The restaurant did in fact cook shellfish and other seafood. Open from 8 a.m. until midnight, the shack also sold breakfast in the morning and steaks for dinner. Some customers, Agner said, would hang around for multiple meals. Beer was a popular item, especially when the counties around Rowan County were still dry. But most people came for the fried chicken and battered fries, many of them driving in from a 50-mile radius.
“Not bragging, we had a real good reputation,” Agner said. “Interstate 85 was not built at that particular time, but we were attracting customers from Linwood, Lexington, even as far away as Thomasville, Winston-Salem, Kannapolis, Mooresville. Somehow or another, word got around and we had people coming in from all directions.”
Agner and his father worried that I-85 would kill the restaurant’s business. That didn’t turn out to be the case. The restaurant’s battered fries were a delicacy people weren’t afraid to leave the beaten path to get. Agner said the restaurant would go through a literal ton — 2,000 pounds — of potatoes every week.
“We had a 8-by-3-inch cake box and we’d fill that box full of french fries and people would come get them one, two, three four boxes at a time,” Agner said.

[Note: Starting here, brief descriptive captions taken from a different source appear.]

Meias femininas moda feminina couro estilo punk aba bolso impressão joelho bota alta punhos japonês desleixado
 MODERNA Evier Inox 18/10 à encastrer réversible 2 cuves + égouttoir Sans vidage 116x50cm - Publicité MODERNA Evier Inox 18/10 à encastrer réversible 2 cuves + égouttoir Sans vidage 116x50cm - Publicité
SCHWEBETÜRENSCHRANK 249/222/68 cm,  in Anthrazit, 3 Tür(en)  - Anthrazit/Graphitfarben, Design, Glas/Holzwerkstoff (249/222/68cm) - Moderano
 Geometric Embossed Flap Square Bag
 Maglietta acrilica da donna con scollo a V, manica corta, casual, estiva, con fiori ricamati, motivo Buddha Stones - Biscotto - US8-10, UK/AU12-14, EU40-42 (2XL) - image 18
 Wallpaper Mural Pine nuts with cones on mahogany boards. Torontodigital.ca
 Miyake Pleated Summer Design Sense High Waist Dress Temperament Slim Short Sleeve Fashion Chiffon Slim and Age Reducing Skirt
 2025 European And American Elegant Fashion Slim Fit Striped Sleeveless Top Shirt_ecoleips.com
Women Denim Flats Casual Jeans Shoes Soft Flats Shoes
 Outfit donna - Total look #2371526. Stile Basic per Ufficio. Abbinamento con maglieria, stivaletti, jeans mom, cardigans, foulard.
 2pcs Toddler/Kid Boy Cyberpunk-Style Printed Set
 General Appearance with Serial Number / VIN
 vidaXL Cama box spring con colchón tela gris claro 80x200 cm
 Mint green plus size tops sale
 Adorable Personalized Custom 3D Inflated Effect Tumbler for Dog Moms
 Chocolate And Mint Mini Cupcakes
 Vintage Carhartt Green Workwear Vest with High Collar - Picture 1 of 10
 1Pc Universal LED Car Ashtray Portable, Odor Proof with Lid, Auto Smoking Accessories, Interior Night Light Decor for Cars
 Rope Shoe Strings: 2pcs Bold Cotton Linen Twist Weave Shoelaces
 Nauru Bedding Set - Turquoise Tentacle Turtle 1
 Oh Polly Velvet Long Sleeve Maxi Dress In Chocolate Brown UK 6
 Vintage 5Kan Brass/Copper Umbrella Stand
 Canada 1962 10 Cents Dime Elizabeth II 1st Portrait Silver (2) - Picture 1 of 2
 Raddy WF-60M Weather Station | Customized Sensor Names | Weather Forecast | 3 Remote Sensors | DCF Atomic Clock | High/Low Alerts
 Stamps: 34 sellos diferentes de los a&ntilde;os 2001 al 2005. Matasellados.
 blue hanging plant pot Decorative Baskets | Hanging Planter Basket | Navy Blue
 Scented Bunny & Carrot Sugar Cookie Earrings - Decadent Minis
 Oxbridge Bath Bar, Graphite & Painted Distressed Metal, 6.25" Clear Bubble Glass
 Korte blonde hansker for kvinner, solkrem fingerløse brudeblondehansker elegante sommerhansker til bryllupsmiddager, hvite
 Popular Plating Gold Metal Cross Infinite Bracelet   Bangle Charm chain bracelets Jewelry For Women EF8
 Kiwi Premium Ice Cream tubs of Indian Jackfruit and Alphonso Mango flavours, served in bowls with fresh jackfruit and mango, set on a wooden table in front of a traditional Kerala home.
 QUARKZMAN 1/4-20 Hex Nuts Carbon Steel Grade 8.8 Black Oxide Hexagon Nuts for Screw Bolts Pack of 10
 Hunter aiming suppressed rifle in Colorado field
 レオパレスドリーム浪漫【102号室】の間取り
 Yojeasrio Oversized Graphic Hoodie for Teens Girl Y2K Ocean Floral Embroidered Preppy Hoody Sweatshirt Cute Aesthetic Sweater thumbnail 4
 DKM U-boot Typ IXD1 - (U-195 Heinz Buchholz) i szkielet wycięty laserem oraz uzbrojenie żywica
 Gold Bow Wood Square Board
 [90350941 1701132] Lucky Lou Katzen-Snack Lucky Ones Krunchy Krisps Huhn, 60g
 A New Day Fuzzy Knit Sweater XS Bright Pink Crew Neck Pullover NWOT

One man loved the fries so much that he’d fly in from Greenville, South Carolina, just to pick up a few boxes to go.
“He would fly to the airport in Salisbury and call me,” Agner said. “He’d say, ‘I want 10, 15 boxes of french fries.’ I’d have them ready for him when he got there. I didn’t cook them all the way done. What he had to do, he put them in a real hot oven and finished cooking them.”
Agner sold the famous french fry recipe to five different individuals. They each came close to replicating the texture and flavor, but could never quite duplicate them perfectly.
“One of the secrets to the french fries, you have to really peel the peeling off the potato,” Agner said. “Breading won’t adhere to a peel. What I’ve found, everybody I sold the recipe to, it cost money to peel potatoes. So, they would try to leave the peeling on.”
For some time in the early 1970s, the important job of peeling potatoes fell to Carl Haynes. Haynes has been the pastor at Christiana Lutheran Church for about three decades, but when he was 15 years old he worked for his uncle Harry Agner at the Chicken Shack.
“I came in in the morning, I peeled potatoes, peeled potatoes, cut them into fries and put them in water,” Haynes said. “When the Shack opened at 11, I started washing dishes.”
Haynes was back working under Agner’s purview on Tuesday night, doing the same job.
“When he told me he was going to do this,” Haynes said, “I told him I wanted to peel the potatoes.”
It might not have been 2,000 pounds worth, but Haynes had plenty of potatoes to peel. What started as a church event became something a little bit bigger.
“It started out primarily as church members. Then, of course, word got out,” Smith said. “There are going to be a lot of people from the town, a lot of business tonight. It’s a packed house.”
Agner relished every moment. For him, it was another chance to spread happiness through food.
The Chicken Shack’s return was a one night event, but Agner does have a new keepsake that’ll help him remember the restaurant’s glory days. A few weeks ago, Smith and Agner were told that someone had spotted an old Chicken Shack sign by a barn. On Saturday, the duo went to the barn to see it for themselves.
It took some bargaining, but Smith eventually convinced the man who owned the sign to part ways with it. Smith and Agner loaded it onto a trailer and took it back to Agner’s house.
The sign is now hanging in Agner’s garage. He’s enjoyed looking at it and reminiscing on those Chicken Shack days.